R has a number of routines useful for numerical analysis
the basic function for numerical integration is integrate
f <- function(x, a=2) abs(sin(a*pi*x))
curve(f, 0, 1)
integrate(f, 0, 1)
## 0.6366 with absolute error < 7e-15
the routine returns a list, usually we only want the value of the integral, so
integrate(f, 0, 1)$value
## [1] 0.6366
integrate allows us to pass additional arguments to f with the … convention:
integrate(f, 0, 1, a=1.4)$value
## [1] 0.6118
Internally integrate subdivides the interval into 100 sub-intervals of equal length. Usually this is enough, but if the function has some sharp peaks this does not work very well. One solution is to increase the number of intervals:
integrate(f, 0, 1, subdivisions=1e4, a=1.4)$value
## [1] 0.6118
This again can be trouble if the evaluation of the function takes time. In that case you might want to write your own numerical integration function:
\[ \int_a^b f(x) dx \approx \sum_{i=1}^n f(x_i^*)(x_i-x_{i-1}) \] where \(x_{i-1} \le x_i^* \le x_i\).

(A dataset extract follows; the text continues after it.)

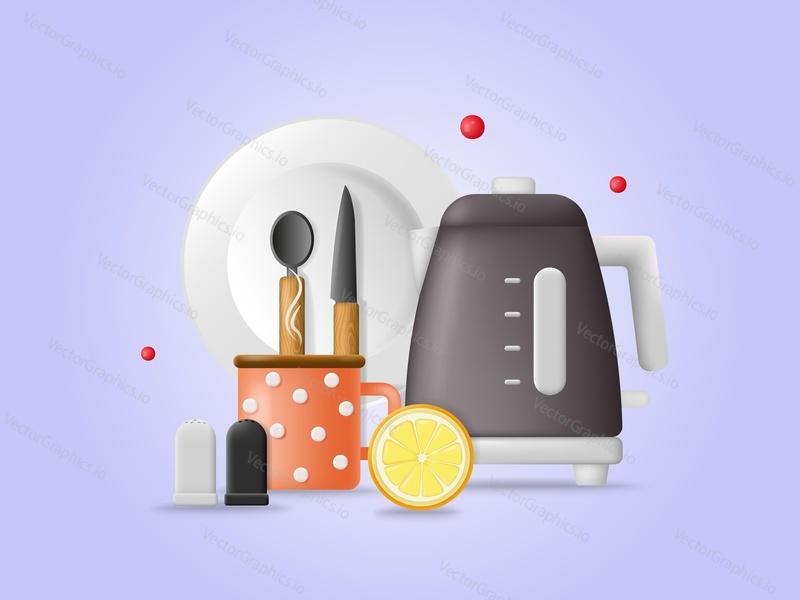 Tea vector. Teacup, electric kettle, plate, spoon and knife for preparation aroma hot beverage with lemon. Kitchen supplies 3d illustration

x <- seq(0, 1, length=500)
y <- f(x)
mid <- (y[-1]+y[-500])/2
sum(mid)*(x[2]-x[1])
## [1] 0.6366
\[ \int_a^b f(x) dx \approx \frac{x_2-x_1}6 \sum_{i=1}^{n-1} f(x_{i-1})+4f(x_i)+f(x_{i+1})) \]
sum(y[-1]+4*y[-2]+y[-3])*(x[2]-x[1])/6
## [1] 0.6366
or any other standard numerical integration formula, see for example Numerical Integration Formulas
R doesn’t have a dedicated routine for double integrals but it is easy to use the integrate function for this as well using the fact that
\[ \int \int f(x, y)d(x,y) = \int \left\{ \int f(x, y)dx \right\} dy \]
double.integral <-
function (f, low = c(0, 0), high = c(Inf, Inf))
{
integrate(function(y) {
sapply(y, function(y) {
integrate(function(x) f(x, y), low[1], high[1])$value
})
}, low[2], high[2])$value
}
f <- function(x, y) exp(2*(-x^2+x*y-y^2)/3)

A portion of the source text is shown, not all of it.